Como o meio e a sociedade alimentam o mito

Redes sociais, aplicações de corrida e selfies com medalhas incentivam a comparação. Ritmo, melhores tempos, distâncias de meia maratona - tudo isto cria, sem se dar por isso, uma “norma” com a qual os iniciantes se medem. Mas ninguém vê como a outra pessoa treina, há quanto tempo corre, nem com que condições de saúde começou.

Treinadores, clubes e até grupos de amigos podem fazer muito para mudar este cenário. Falar abertamente sobre métodos de treino mais suaves e normalizar as fases de caminhada baixa drasticamente a barreira de entrada. A corrida deixa de parecer um desporto apenas para os “duros” e passa a ser uma forma acessível de movimento.

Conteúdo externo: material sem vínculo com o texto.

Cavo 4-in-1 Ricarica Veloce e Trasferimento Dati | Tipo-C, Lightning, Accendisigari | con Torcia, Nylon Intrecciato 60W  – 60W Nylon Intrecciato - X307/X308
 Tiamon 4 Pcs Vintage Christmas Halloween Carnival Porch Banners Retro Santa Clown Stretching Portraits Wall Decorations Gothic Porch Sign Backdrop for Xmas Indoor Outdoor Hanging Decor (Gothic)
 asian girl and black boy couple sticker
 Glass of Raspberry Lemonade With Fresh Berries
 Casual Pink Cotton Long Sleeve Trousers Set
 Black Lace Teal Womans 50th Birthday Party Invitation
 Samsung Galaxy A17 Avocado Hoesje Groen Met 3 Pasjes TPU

O que “progresso” na corrida significa de verdade

Muita gente avalia o sucesso apenas por um indicador: ficar mais rápido. Especialistas sugerem uma visão mais ampla de progresso. Sinais de avanço real podem incluir:

  • Terminas um treino menos esgotado do que há algumas semanas.
  • Consegues ficar em movimento durante mais tempo total.
  • Dores e pequenos incómodos diminuem.
  • Consegues encaixar o treino no dia a dia com regularidade, sem precisares de desculpas constantes.

Com este olhar, torna-se evidente: este tipo de progresso não exige sofrimento - pede paciência, honestidade e respeito pelos próprios limites.

Riscos do stress crónico - e porque a marcha-corrida protege

A sobrecarga constante, física e mental, actua como um factor de stress silencioso. O organismo aumenta a produção de hormonas do stress, o sistema imunitário enfraquece e a recuperação fica aquém do necessário. Para quem já tem trabalho de escritório, responsabilidades familiares e uma agenda cheia, o desequilíbrio instala-se com facilidade.

Alternar corrida e caminhada funciona como um amortecedor natural. Nas fases a caminhar, a frequência cardíaca desce, a respiração acalma e a mente acompanha. Manténs-te numa zona onde o treino pode ser estímulo e recuperação ao mesmo tempo - e não mais um motivo de stress.

Para quem quer integrar a corrida, a longo prazo, num estilo de vida saudável, a versão mais suave tende a ser a melhor escolha. A dor não é um selo de eficiência. O verdadeiro progresso vê-se quando o movimento faz bem ao longo do tempo - e quando apetece continuar por vontade própria.